Hive, SQL on Hadoop

In a previous post, I discussed the difficulty to use Hadoop with its Big Data structure. One must write two different Java programmes. One programme is a so-called mapping programme; another is the reduce programme.

The problem one has with Java coding can be avoided with Pig. This is a relative simple scripting tool that provides a user means to access a Big Data environment.
However, is can be simpler. Hive is a tool that allows using SQL on a Big Data structure. This is really super, sexy. One has a (more or less) standard set of SQL statement that be used to undertake the analysis. As an example, I will show how an external table can be created that be analysed.
I will start two terminal sessions that access the Big Data environment. The first session is used to manipulate the hadoop file structure:
terminal.
The second session is started from the command line. It can be started from the command line with the command „hive“. The provides the user a (CLI) interface to hive. hive.

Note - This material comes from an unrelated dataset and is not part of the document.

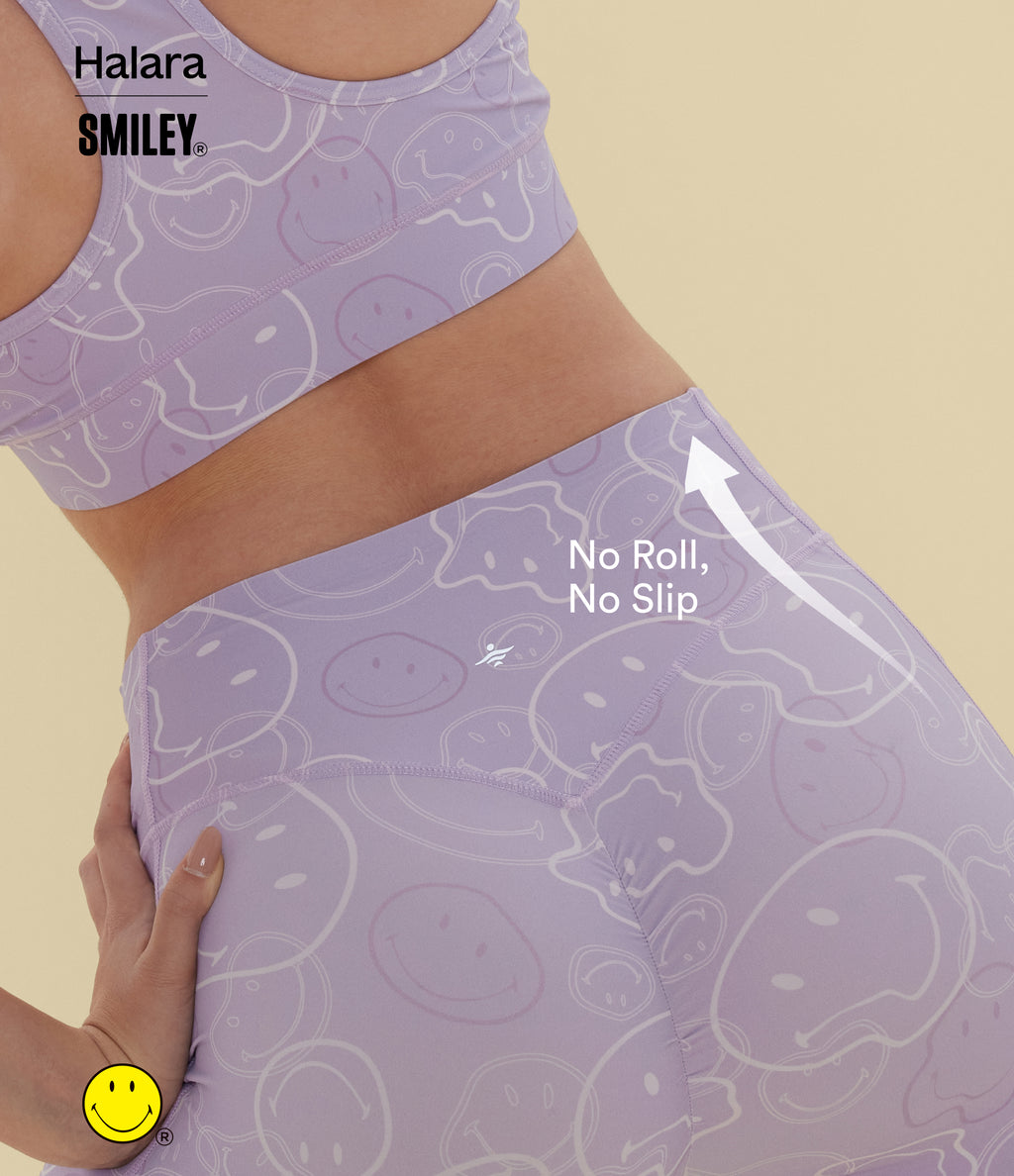 High Waisted Scrunch Butt Lifting Tummy Control Bootcut Training Leggings with Pockets — Lavender Sketch Smiles — view 2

The first step is to create a file within the first session. On the standard linux environment, a file is created that contain data that will be stored in a table. This file looks like:

[infauser@sandbox ~]$ cat wwdata2
10001	42	07                                                                      
10020	42	07                                                                      
10031	42	08                                                                      
10011	42	09                                                                     
10051	42	09 
[infauser@sandbox ~]$ 

I then switch to the second session to create the metadata for an external table. I created an external table on the hive command line interface:

hive> create external table wwdataEXT3(voorraad INT, year INT, lokatie STRING)          
    > row format delimited                                                 
    > fields terminated by '\t'
    > stored as textfile
    > location '/data/wwdata3';
OK
Time taken: 0.059 seconds

At this moment, we cannot access the data. We do have a reference to a file on the HDFS environment (‚/data/wwdata3‘), but this does not yet contain data. We only have dataset on the Linux file system. We must copy the data from Linux filesystem to the HDFS environment. This copy command can be given in the first session. This can be done with:

[infauser@sandbox ~]$ hadoop dfs -put /infauser/wwdata2 /data/wwdata3
DEPRECATED: Use of this script to execute hdfs command is deprecated.
Instead use the hdfs command for it.

We may check as to whether the actions are successfull when a command is fired. This can done from the second session. From the hive prompt we start a SQL statement:

hive> select * from wwdataEXT3;
OK
10001	42	07                                                                      
10020	42	07                                                                      
10031	42	08                                                                      
10011	42	09                                                                     
10051	42	09 
Time taken: 0.203 seconds, Fetched: 5 row(s)

The concept is that the SQL statements are translated into a series of Java programmes that will be executed. This can be seen when the output is investigated. Within the output, terms like „mapreduce“ can be clearly seen.